When windows are used together with the RUI, a new kind of window manager results. For example, while waiting in a lounge or other waiting area, a user might define walls around the lounge as various windows. In this way, screen real estate is essentially infinite. Although not all screens are visible at any one time, portions of them become visible when they are looked at through the WearComp glasses. Others in the lounge need not be able to see them, unless they are wearing similar glasses and the user has permitted them access to these windows (as when two users are planning upon the same calendar space).
There are no specific boundaries in this form of window manager. For example, if a user runs out of space in the lounge, he or she can walk out into the hall and create more windows on the walls of the hallway leading into the lounge. It is also easier to remember where all the windows are when they are associated with the real world. Part of this ease of memory comes from having to walk around the space or at least turn one's head around in the space.
This window manager, called RWM, also provides a means of making the back of the head “transparent” in a sense so that one can see windows in the front as rightside up and windows behind as upside down. This scheme simply obeys the laws of projective geometry. Rearview windows may be turned on and off, since they are distracting for concentration, but they are useful for quick navigation around a room. An illustration depicting the function of RWM to operate a video recording system is given in Figure 8.
A vision analysis processor typically uses the output of the Lightspace Analyzer for head tracking. This head tracking determines the relative orientation (yaw, pitch and roll) of the head based on the visual location of objects in the Lightspace Analyzer's field of view.
A vision analysis processor is implemented in the WearComp, as well as remotely, by way of the radio connection. The choice of which of these to use is made automatically based on how good a radio connection can be established.
The vision analysis processor does 3-D object recognition and parameter estimation, or constructs a 3-D scene representation. An information processor takes this visual information and decides which virtual objects, if any, to insert into the Lightspace Synthesizer.
A graphics synthesis processor creates a computer-graphics rendering of a portion of the 3-D scene specified by the information processor and presents this computer-graphics rendering to the wearer by way of the Lightspace Synthesizer.
The objects displayed are synthetic (virtual) objects overlaid in the same position as some of the real objects from the scene. The virtual objects displayed on the Lightspace Synthesizer correspond to real objects within the Lightspace Synthesizer field of view. Thus, even though the Lightspace Synthesizer may only have 480 lines of resolution, a virtual television screen, of extremely high resolution, wrapping around the wearer, may be implemented by virtue of the Lightspace Analyzer head-tracker, so that the wearer may view very high-resolution pictures through what appears to be a small window that pans back and forth across the picture triggered by head movements of the wearer.
Optionally, in addition to overlaying synthetic objects on real objects to enhance them, the graphics synthesis processor may cause the display of other synthetic objects on the virtual television screen.
For example, Figure 9 illustrates a virtual television screen with some virtual (synthetic) objects such as an Emacs Buffer upon an xterm (text window in the commonly used X Window System graphical user interface).

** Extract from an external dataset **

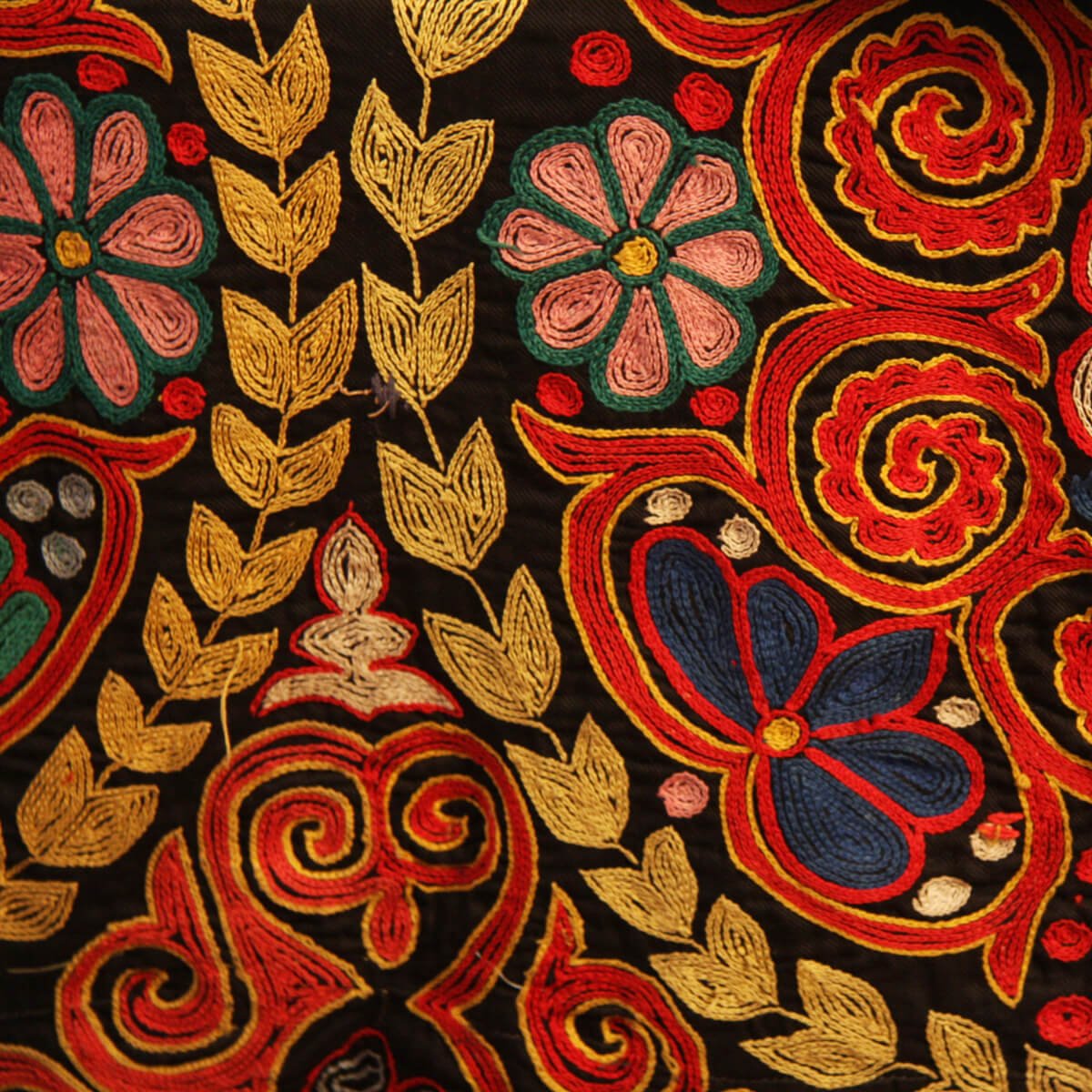 Embroidered Fabric & Textiles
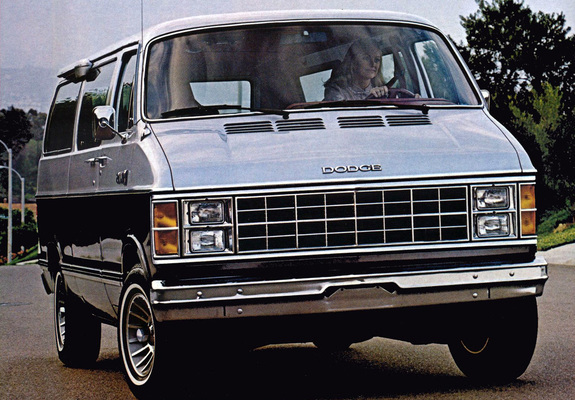 Images of Dodge Ram Wagon 1979–85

The graphics synthesis processor causes the Lightspace Synthesizer screen to display a reticle seen in a virtual view finder window.
The viewfinder has 640 pixels across and 480 down, which is just enough resolution to display one xterm window since an xterm window is typically 640 pixels across and 480 down also (sufficient for 24 rows of 80 characters of text). Thus, by turning his head to look back and forth, the wearer can position the viewfinder reticle on top of any number of xterms that appear to hover in space above various objects. The true objects, when positioned inside the mediation zone established by the viewfinder, may also be visually enhanced as seen through the viewfinder.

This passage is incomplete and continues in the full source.